Data entries
-- Opening Marker --

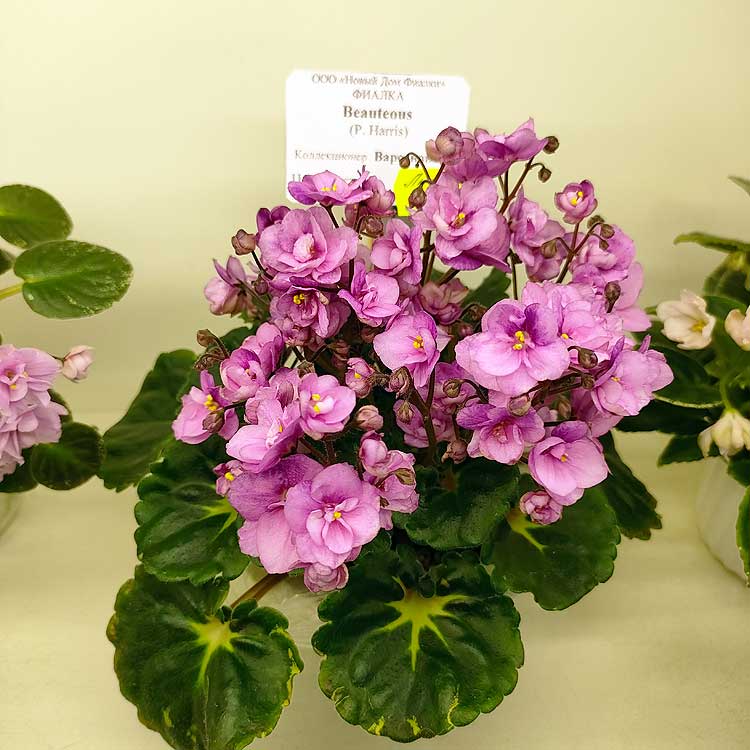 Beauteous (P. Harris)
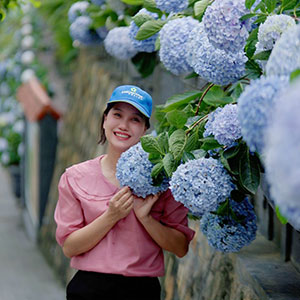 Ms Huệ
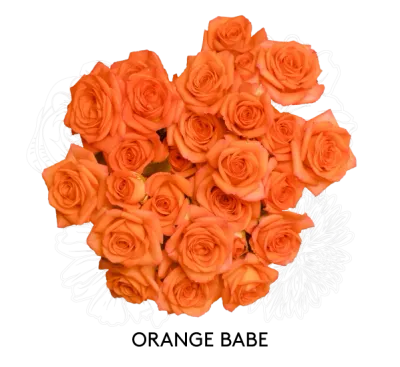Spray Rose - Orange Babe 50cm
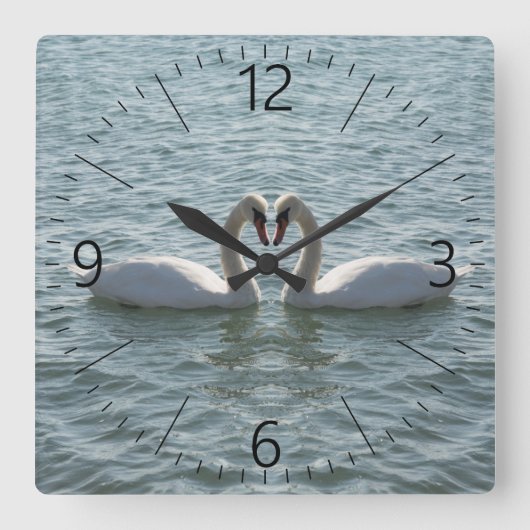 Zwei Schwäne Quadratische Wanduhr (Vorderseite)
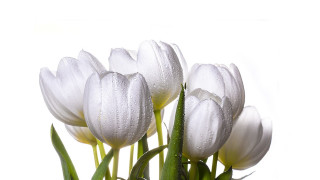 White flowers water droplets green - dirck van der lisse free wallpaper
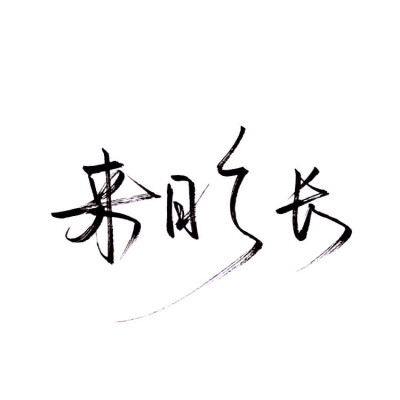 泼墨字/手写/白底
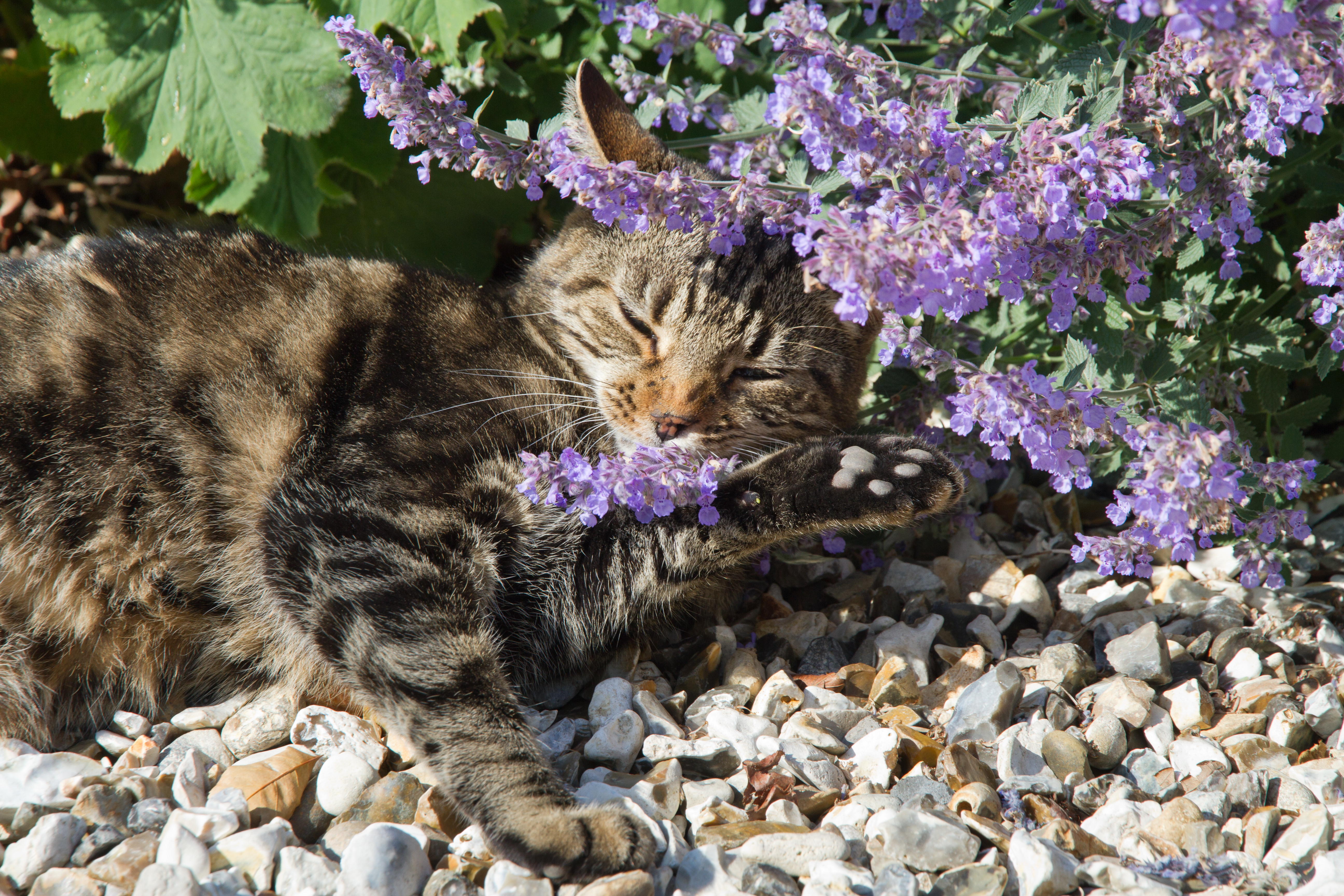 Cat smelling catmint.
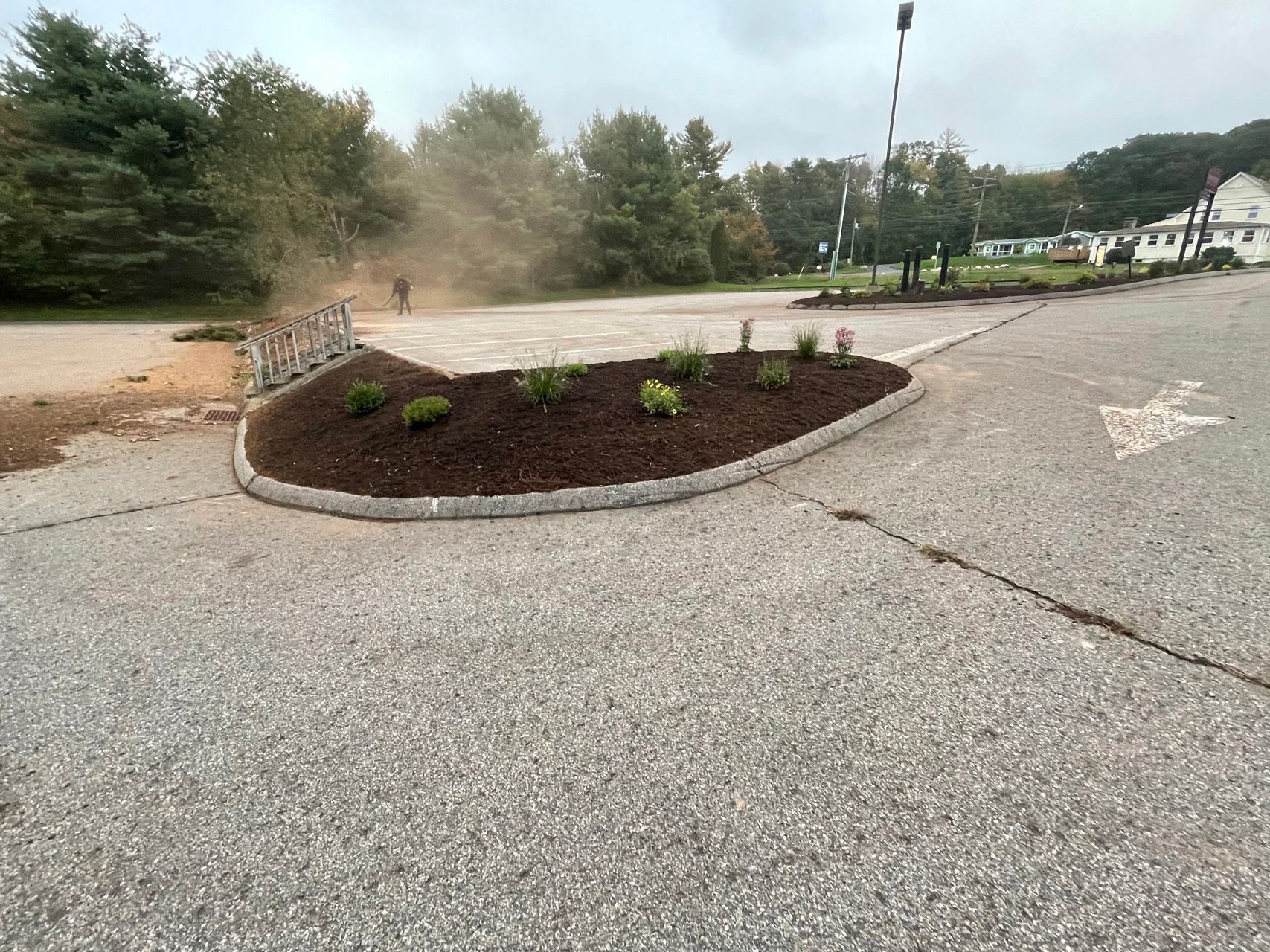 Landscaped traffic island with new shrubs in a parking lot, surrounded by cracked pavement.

-- Closing Marker --

Problem to solve:
Your reply must match the data above line for line, except that it holds no pictures.

Solution:
 Beauteous (P. Harris)
 Ms Huệ
Spray Rose - Orange Babe 50cm
 Zwei Schwäne Quadratische Wanduhr (Vorderseite)
 White flowers water droplets green - dirck van der lisse free wallpaper
 泼墨字/手写/白底
 Cat smelling catmint.
 Landscaped traffic island with new shrubs in a parking lot, surrounded by cracked pavement.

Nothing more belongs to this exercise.